Alternatives to University Tertiary Study
Earning a university degree is not the be-all and end-all of life. In fact, it has been many years in Australia since a university degree came with a job guarantee upon graduation. Furthermore, some employers look more favourably upon practical experience than a piece of paper that says you know the theory.
That is not to say that university study is a waste of time. There are a number of career pathways that require a university degree to progress or even to enter. However, there are just as many satisfying and well-paid career pathways that do not require an undergraduate bachelor degree.
If you're interested in an education career or working with children ...

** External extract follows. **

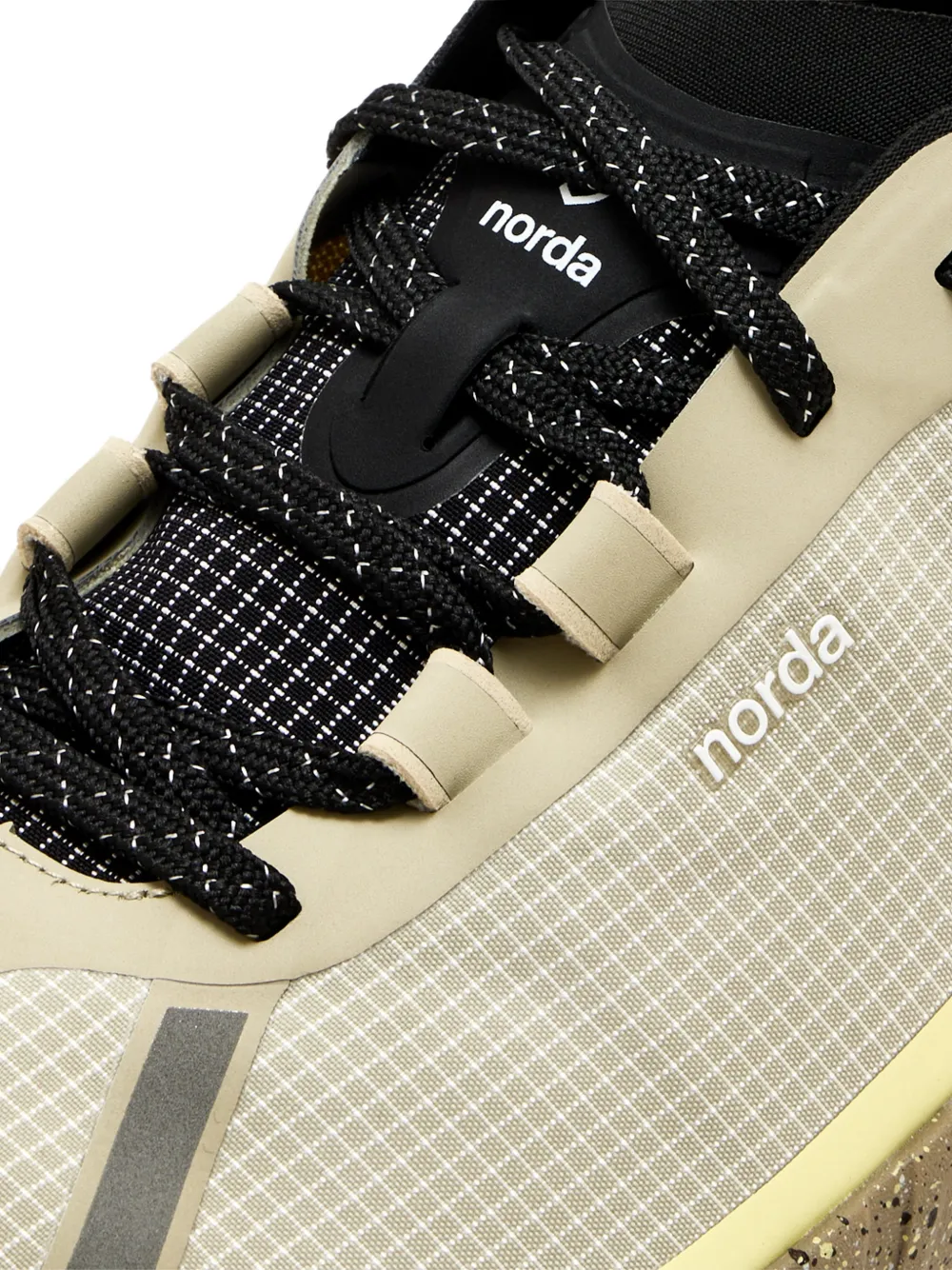 norda Sneakers Beige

... why not consider childcare, education support work, tutoring or after school care? You can work in all of these areas without needing further study. However, if you want to progress in these careers, you may choose to consider a Diploma of Early Childhood Education and Care or a Certificate III in Education Support — both of which can be undertaken part time or full time at a Technical and Further Education (TAFE) institution.
If you have a passion for health ...
... a career in aged or disabled care, nursing support or community support could be perfect for you. Again, as with education, you can increase promotion opportunities by enrolling in certificate or diploma level courses at your local TAFE or online. In addition, if you are keen on fitness, working in the fitness industry as an instructor or personal trainer doesn't require a university degree and is also one of the highest paying, non-academic career pathways.

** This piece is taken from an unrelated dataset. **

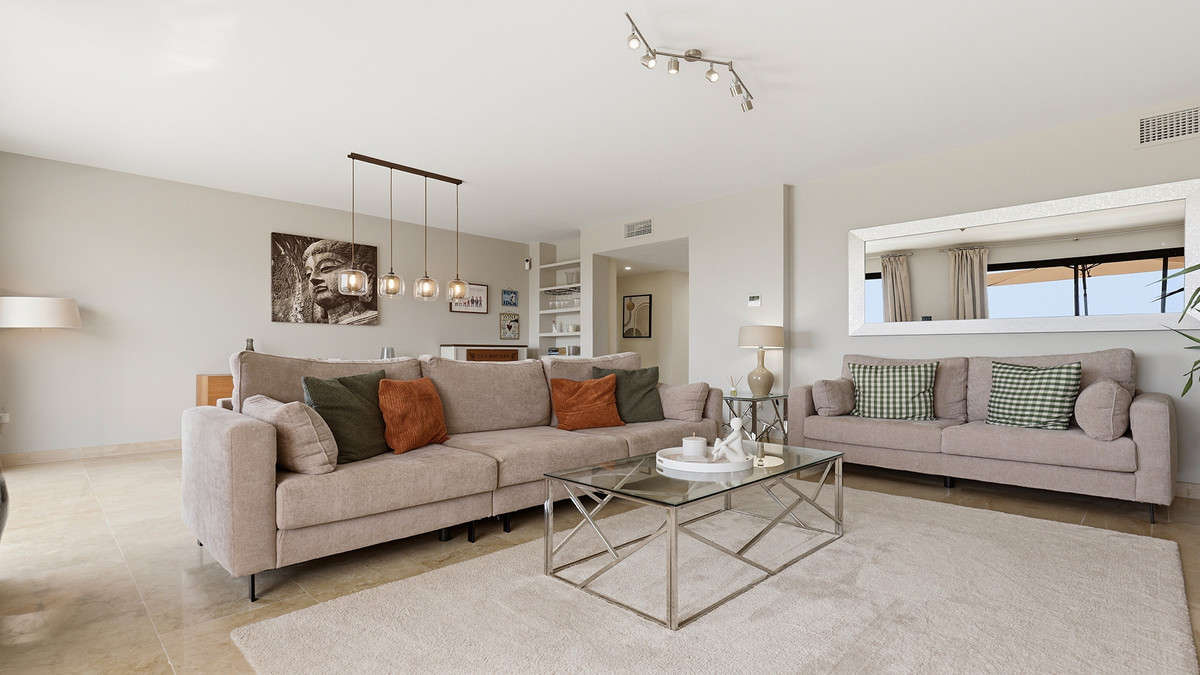 3 Bed Apartment for sale in La Duquesa Costa Del Sol, Málaga, Spain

If you have great people skills ...
... a career in sales, working as an administration officer or as a real estate agent are all great options. Real estate agents regularly rank in the top ten highest paying jobs that don't need a degree and while Certificate III or IV programs of study will help workers gain promotion, it is often job experience and performance that sees you advance in rank.
For people who prefer hands-on work to books and study ...
... any of the trades provide great options. You can apply for a position without prior qualifications, however, an apprenticeship, along with TAFE study, is going to see you advance more rapidly and be more employable. Interestingly, electricians and construction workers come in as first and third respectively when we look at the highest paying career pathways that don't require university study.
If technology is your thing ...
... your career opportunities are almost limitless and include website design and development, cybersecurity, digital marketing management, software engineering, ethical hacking, coding and so on. You can, of course, advance your skills by undertaking a degree at university or a TAFE diploma or certificate course but, realistically, the information technology industry advances so rapidly that everything you learn will be out of date before you finish your course.
We can't change our past but we can change our future by working in the present.
The point of this article is to show you that your life will not be over if you don't do as well in high school as you would have liked. You can go about getting into uni without an ATAR. You can achieve wonderful things if you apply yourself and look outside of the square. And you just may be pleasantly surprised at where life takes you in the process.